After finding the line with "TENNIS AUSTRALIAN OPEN, Stefanos" in the entries below, retype exactly each line from there through the line with "Rustico / casale", including that final line.

------ EXCERPTED DATA ------

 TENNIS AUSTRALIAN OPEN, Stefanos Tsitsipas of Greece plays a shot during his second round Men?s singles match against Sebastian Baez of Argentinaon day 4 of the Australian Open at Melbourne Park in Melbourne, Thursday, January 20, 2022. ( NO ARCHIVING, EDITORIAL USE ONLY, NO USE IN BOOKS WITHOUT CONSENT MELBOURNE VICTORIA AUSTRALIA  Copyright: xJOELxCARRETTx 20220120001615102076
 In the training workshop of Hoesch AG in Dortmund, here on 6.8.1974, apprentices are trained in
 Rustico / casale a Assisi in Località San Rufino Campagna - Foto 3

------
------ EXCERPTED DATA ------

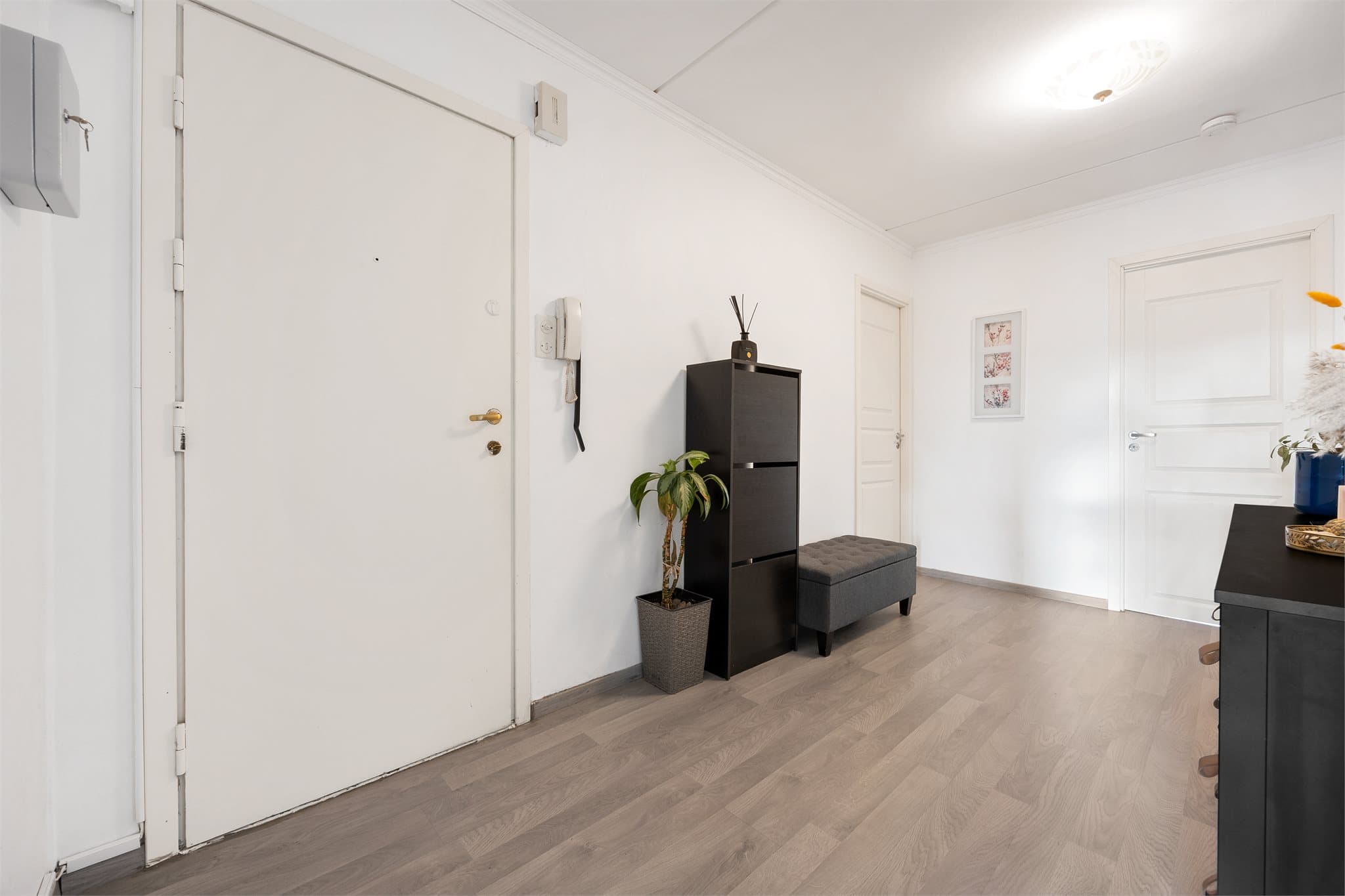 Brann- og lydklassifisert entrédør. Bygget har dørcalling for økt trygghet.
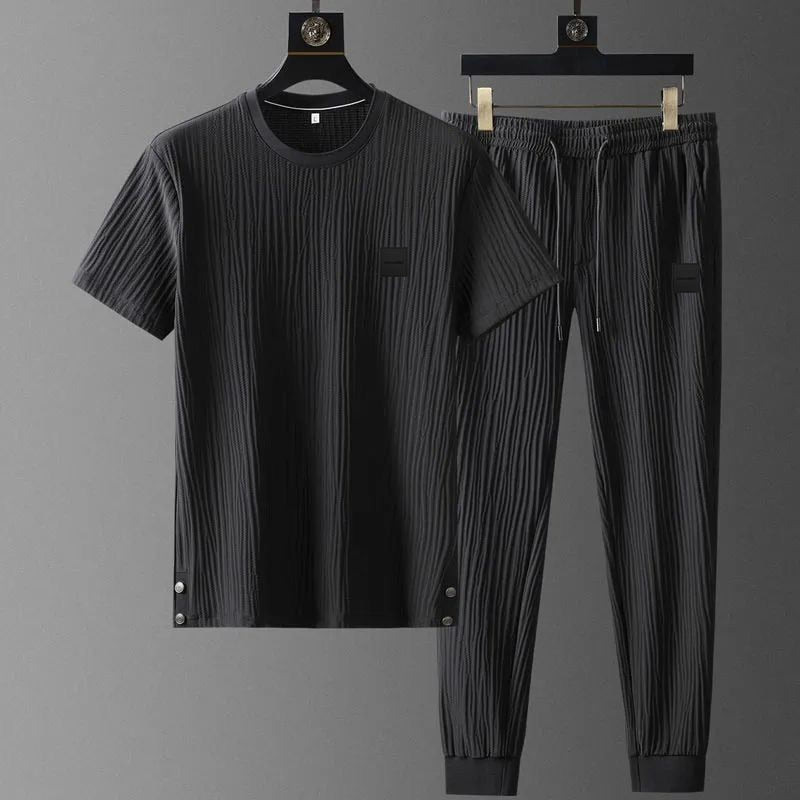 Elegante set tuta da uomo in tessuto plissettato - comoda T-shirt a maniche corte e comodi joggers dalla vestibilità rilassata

------

ANSWER FOR THE TASK:
 TENNIS AUSTRALIAN OPEN, Stefanos Tsitsipas of Greece plays a shot during his second round Men?s singles match against Sebastian Baez of Argentinaon day 4 of the Australian Open at Melbourne Park in Melbourne, Thursday, January 20, 2022. ( NO ARCHIVING, EDITORIAL USE ONLY, NO USE IN BOOKS WITHOUT CONSENT MELBOURNE VICTORIA AUSTRALIA  Copyright: xJOELxCARRETTx 20220120001615102076
 In the training workshop of Hoesch AG in Dortmund, here on 6.8.1974, apprentices are trained in
 Rustico / casale a Assisi in Località San Rufino Campagna - Foto 3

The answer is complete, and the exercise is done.